Ein einziger Moment ändert alles: ARD-Drama „Kalt“

Ein Moment der Unaufmerksamkeit. Ein Unfall. Ein Kind stirbt. Für eine junge Erzieherin bricht dadurch ihr ganzes Leben zusammen.

HANDOUT - Robert (Bozidar Kocevsk) versucht seiner Frau Kathleen (Franziska Hartmann) Trost zu spenden:  pa
HANDOUT - Robert (Bozidar Kocevsk) versucht seiner Frau Kathleen (Franziska Hartmann) Trost zu spenden: paMichael Kotschi/WDR/kineo Film/d

Berlin-Schon in den ersten Minuten beginnt der Zuschauer zu frösteln. Eine junge Frau stapft durch einen einsamen Winterwald an einem trüben Novembertag.
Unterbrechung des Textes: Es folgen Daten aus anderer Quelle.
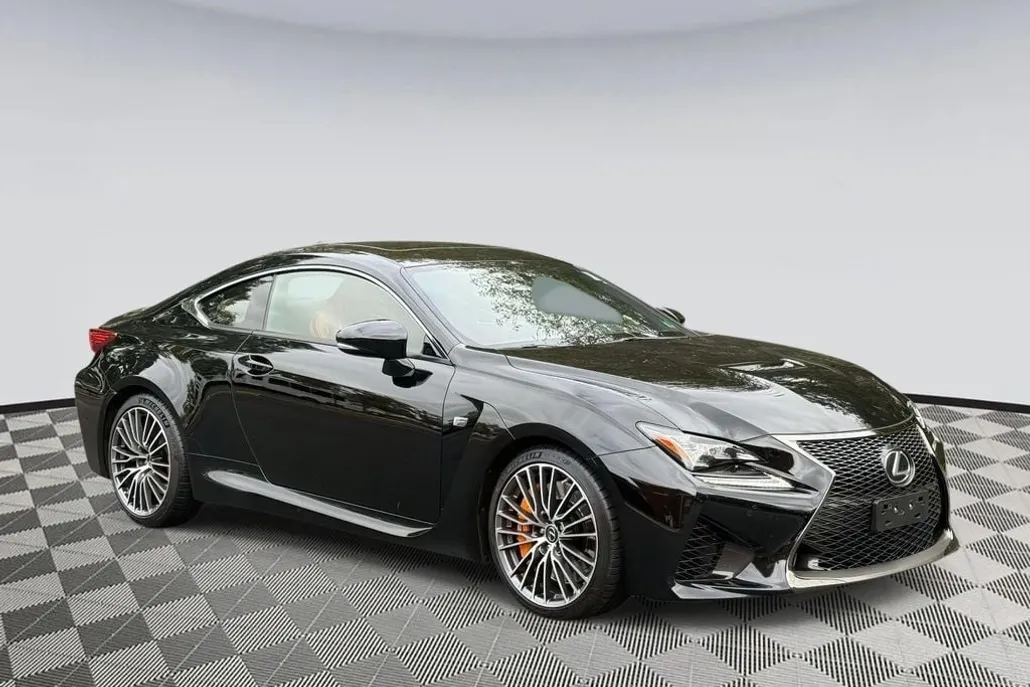 2016 Lexus RC F photo 1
Warum sie so gepeinigt schaut, erzählt der Film „Kalt“, der am Mittwoch um 20.15 Uhr im Ersten zu sehen ist.

Die Frau heißt Kathleen Selchow (Franziska Hartmann), sie arbeitet seit vielen Jahren als Erzieherin in einer Berliner Kita. Bei einem Ausflug in den nahe gelegenen Wald übernimmt sie eine Gruppe von 17 Kindern - und die Verantwortung. Beim Durchzählen bemerkt sie, dass zwei Kinder fehlen. Die Kolleginnen (die vorne und an der Seite mitgelaufen sind) haben das Verschwinden ebenfalls nicht bemerkt. Der Junge ist ertrunken, obwohl er schwimmen kann. Das Mädchen wird schwer verletzt gefunden.

Kommissarin Leila Storm (Anne Ratte-Polle) übernimmt die Ermittlungen. Nico war der Sohn von Nachbarin Melanie (Patricia Aulitzky) direkt gegenüber, und ein Freund von Kathleens Sohn Luca (Johann Barnstorf), der ebenso unter dem Geschehen leidet wie sein Vater Robert (Božidar Kocevski). Die Eltern in der Kita wenden sich von ihr ab, die Kolleginnen zerstreiten sich, und gegen Kathleen wird Anzeige wegen fahrlässiger Tötung erstattet.

Franziska Hartmann (38, „Eine fremde Tochter“) ist in nahezu jeder Szene im Bild. Sie spielt eine völlig verzweifelte Frau, die einen verhängnisvollen Fehler begangen hat und schrecklich darunter leidet, dass sie während der Arbeit versagt und ihre Aufsichtspflicht vernachlässigt hat. Sie stellt das derart grandios dar, dass ihr gepeinigtes Gesicht sich fast einbrennt beim Betrachter des Films. Aber auch alle anderen Schauspieler agieren ganz hervorragend - insbesondere die Kinder.

Der beeindruckende Film von Regisseur Stephan Lacant (50, „Freier Fall“) erzählt eine ganz schreckliche Geschichte, die weit weg scheint und doch ganz nah ist - Fehler machen die Menschen nahezu jeden Tag. Hier ist er gravierend und betrifft gleich zwei Familien, deren vermeintlich sicherer Alltag völlig aus den Fugen gerät.

Hinzu kommen eine beklemmend kühle Atmosphäre in einer trostlos wirkenden, eng bebauten Neubausiedlung, eine erdrückende Gesprächslosigkeit zwischen den Familien, und ergreifende Rückblenden in verschwommenen Bildern. Die Farben sind düster, die Musik etwas zu schwermütig. Das Frieren von Kathleen überträgt sich ganz allmählich auf den Zuschauer, der - gebannt von dieser ganz ruhig erzählten Geschichte - förmlich mit ihr mit leidet. Ein relevanter Film.